Last, and most importantly, my chazzband, for holding my hand the whole way through… and making sure I knew we were going through this pain together…. I sure wish you could take the pain of peeing right now! 😂

This blog wasn’t meant to be a giant speech of thank yous… but as I wrote them out, I saw even more-so how very lucky I am to be surrounded by a cushion of love.

We need our community. It’s that simple.

Don’t feel the need to experience this alone. It is NOTHING to be ashamed of. It happens to too many of us. There are questions, concerns, and hugs that need reception.

My voice is not simply a journal for my thoughts alone, but also a platform to echo yours.

These are life’s waves. You’re not riding them alone.

After the sun sets into Shabbat tonight, we will begin to enter in the season of harvest and giving thanks to the Holy One.

The OG Thanksgiving.

Just a few days ago, the idea of Sukkot had no meaning to me. Why would I shake the lulav when I was missing the core, my etrog, my heart?

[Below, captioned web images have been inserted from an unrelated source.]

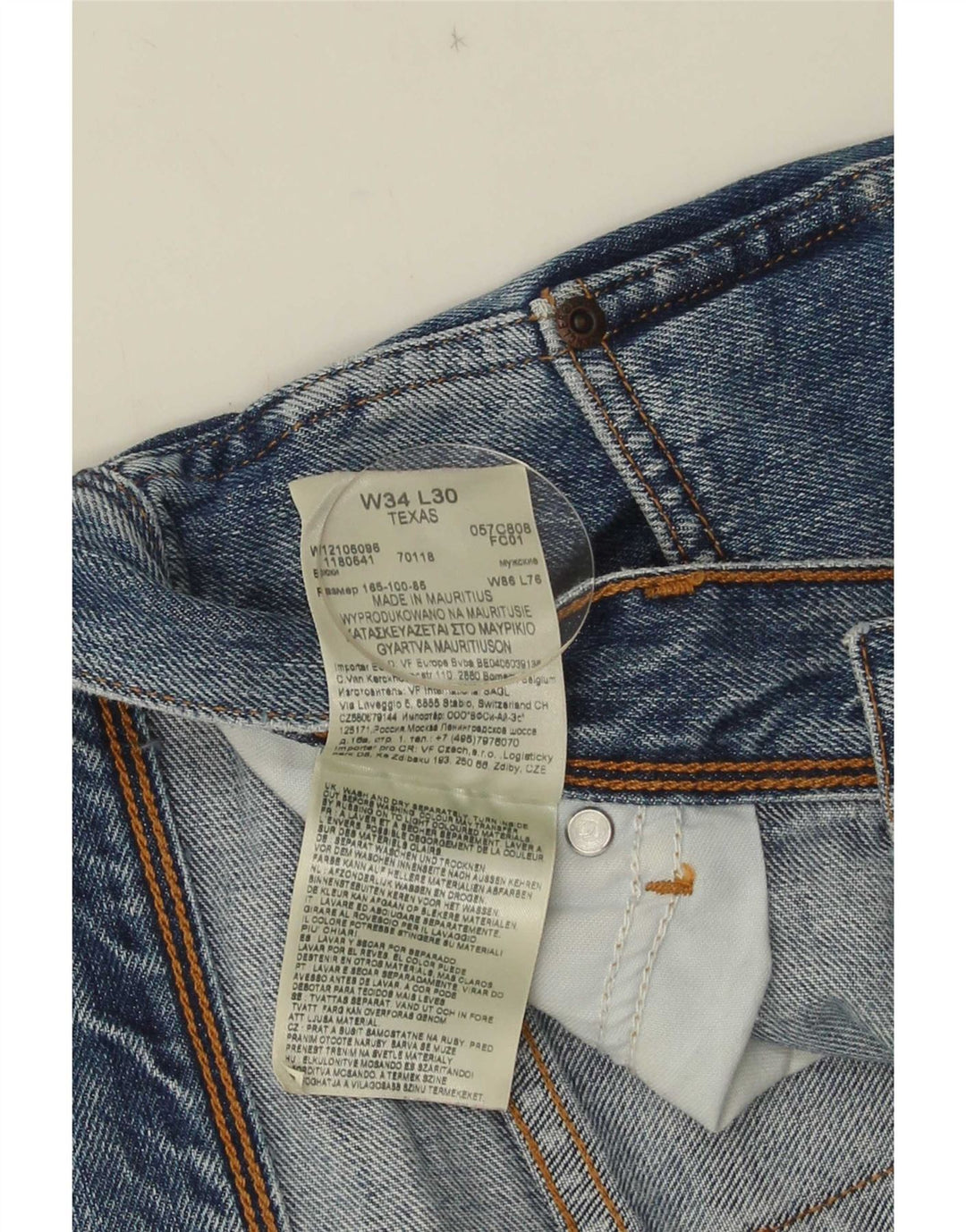Wrangler Herren Texas Straight Jeans W34 L30 Blaue Baumwolle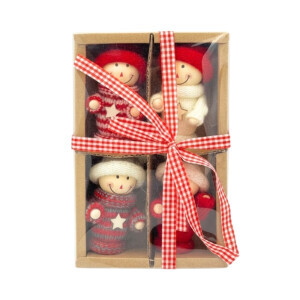 Vánoční dekorace textilní figurky 4ks (180/krt)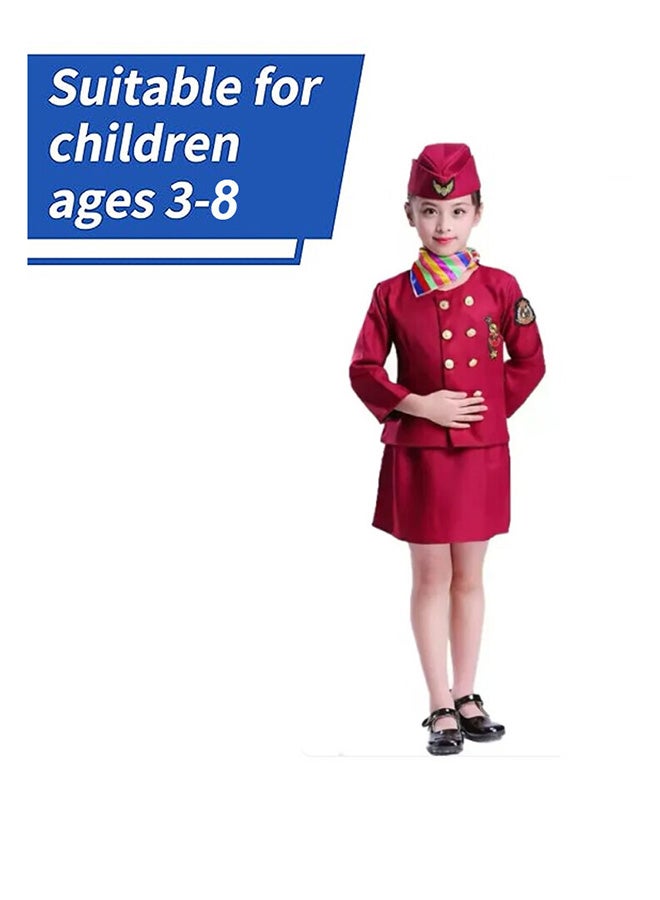 Toyland زي مضيفة الطيران للأطفال – مجموعة فستان موحد أنيق لشركة الطيران - Image 2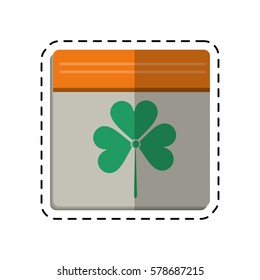 cartoon st patricks day calendar clover icon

BUT. Isn’t it funny that a few days ago, while working through those feelings, it wasn’t Sukkot, it was Yom Kippur. As difficult as it was, also kind of perfect to plead so acutely with our Maker.

I opened up my entire self and not only chanted, but also cleaved, Avinu Malkeinu, HEAR OUR PRAYER, hear my prayer, answer me WHY?! Tears and all.

Today, closure, tonight, the rest that is Shabbat, and the day after, the holiday that opens the door for strength, hope, shelter, and gratitude. A Chag reminding us that life is a growing and flowing, and all situations temporary. Just as the Israelites lived in their Sukkot…. wandering… for a long time… it was all still temporary.

Life’s symmetry. The universe’s way of righting wrongs. For everything there is a season and a reason.

It hurts and doesn’t make sense now, but it will.

For this I pray.

May your Shabbat be beautiful, comforting, and peaceful. Bless your children, for they are a miracle. Take time to show gratitude for all that is miraculous and wonderful in your life.

May we all be able to see our many gifts in this life.

Shabbat Shalom and Chag Sukkot Sameach, Z’man Simchateinu.